• Source data:
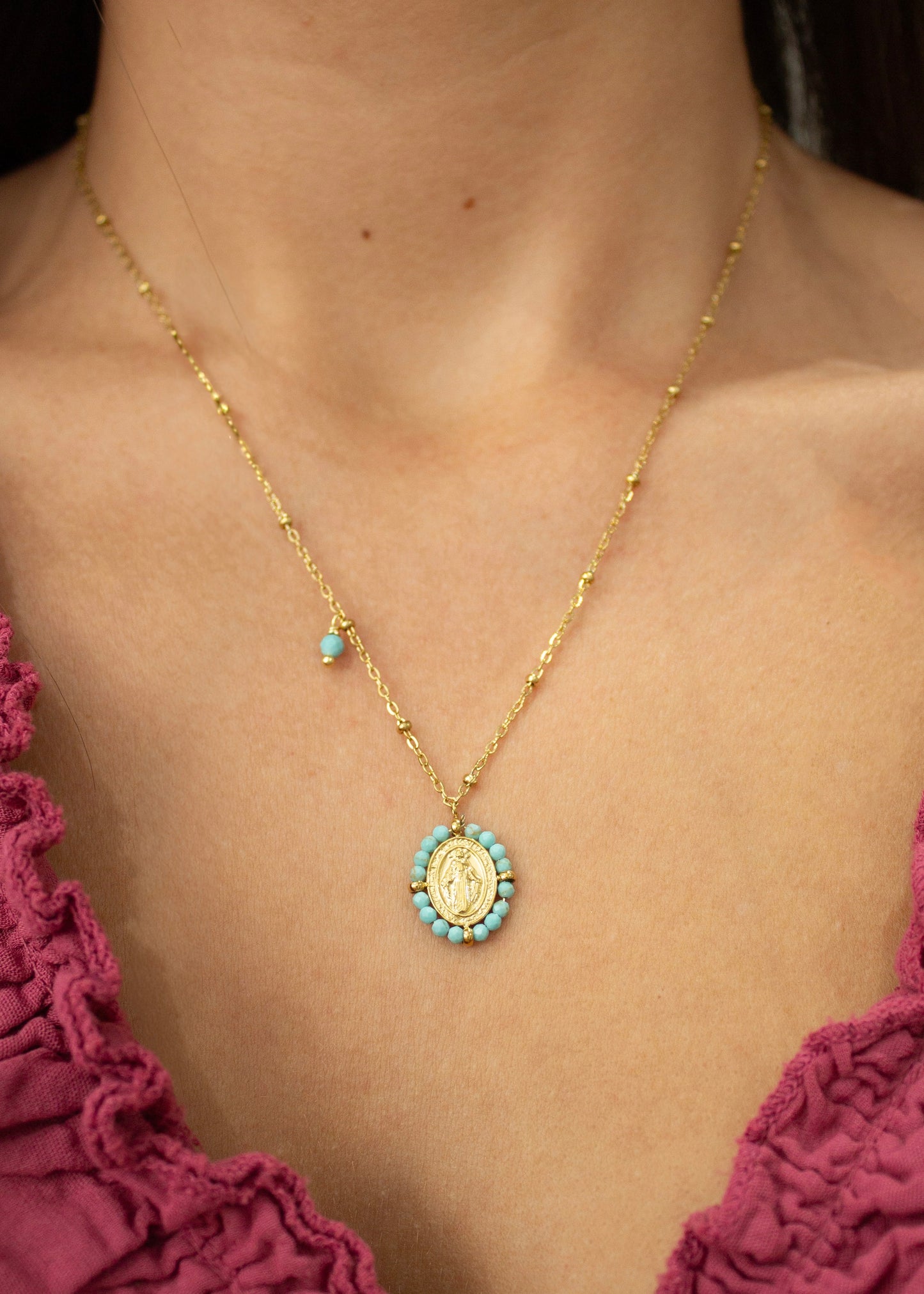 Collar milagrosa turquesa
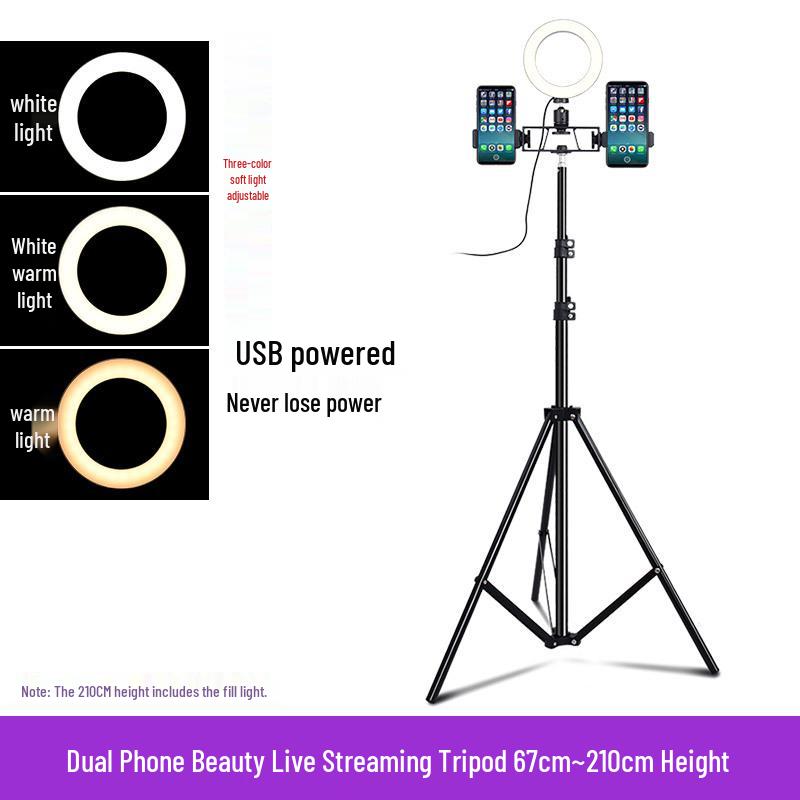 Outdoor Mobile Phone Streaming Tripod with Fill Light & Selfie Function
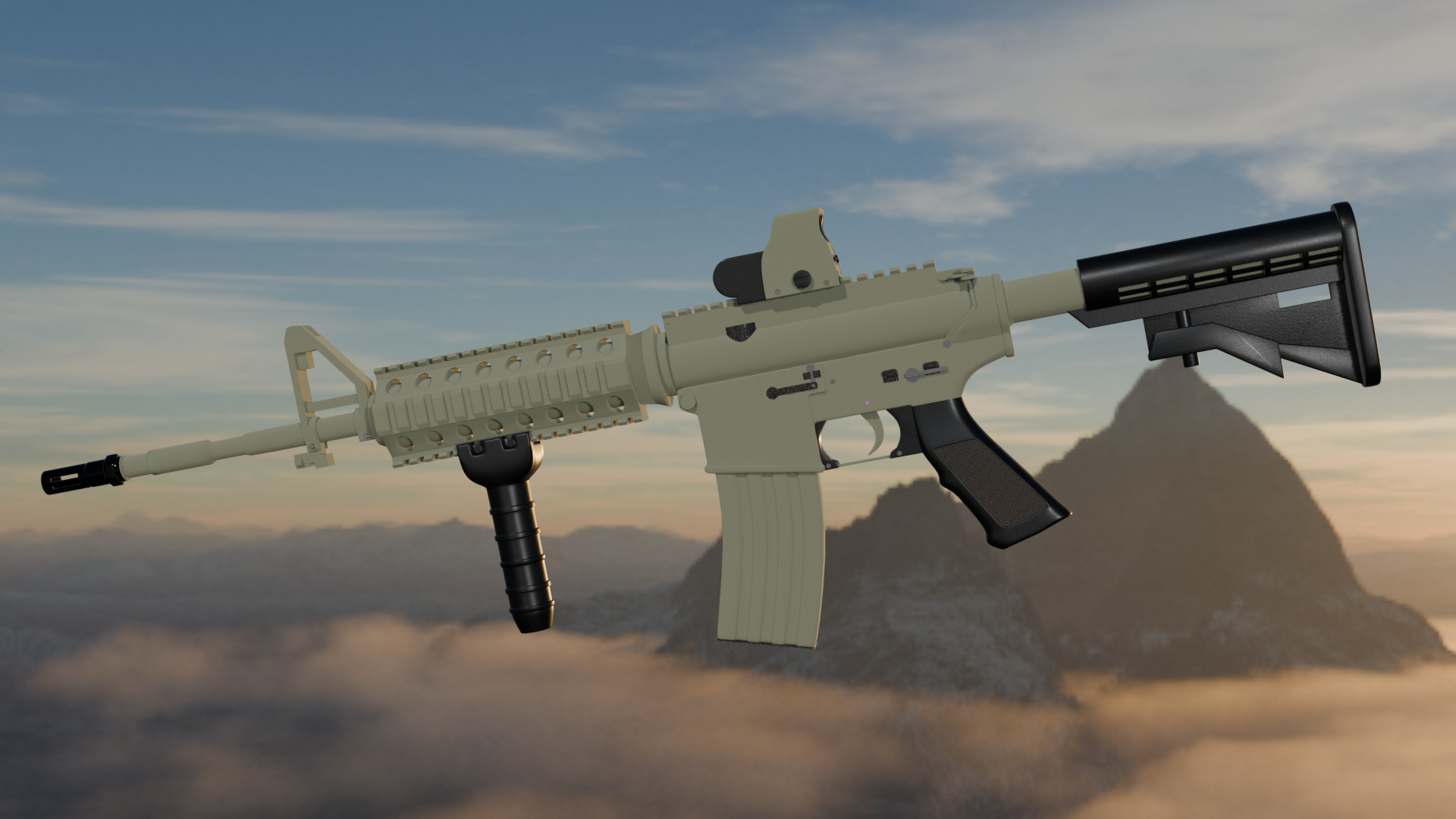 GUN M4A1 3D model_2
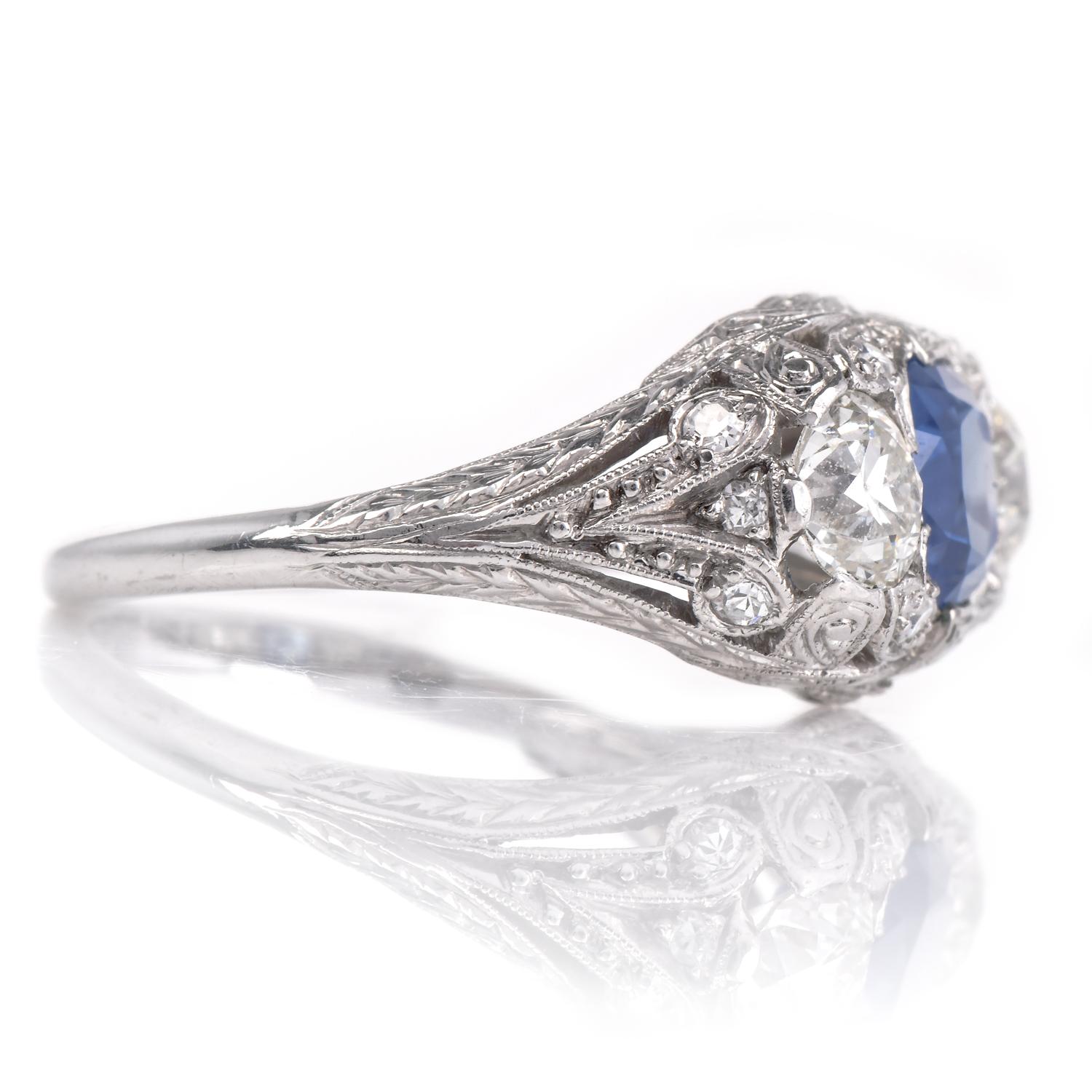 Oval Cut Vintage Kashmir No Heat Sapphire  Diamond Platinum Three Stone Ring For Sale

• What is needed:
Starting at the line that contains "Outdoor Mobile Phone", retype every line through the end of the material exactly as written, including both end lines but no pictures.

• Written answer:
 Outdoor Mobile Phone Streaming Tripod with Fill Light & Selfie Function
 GUN M4A1 3D model_2
 Oval Cut Vintage Kashmir No Heat Sapphire  Diamond Platinum Three Stone Ring For Sale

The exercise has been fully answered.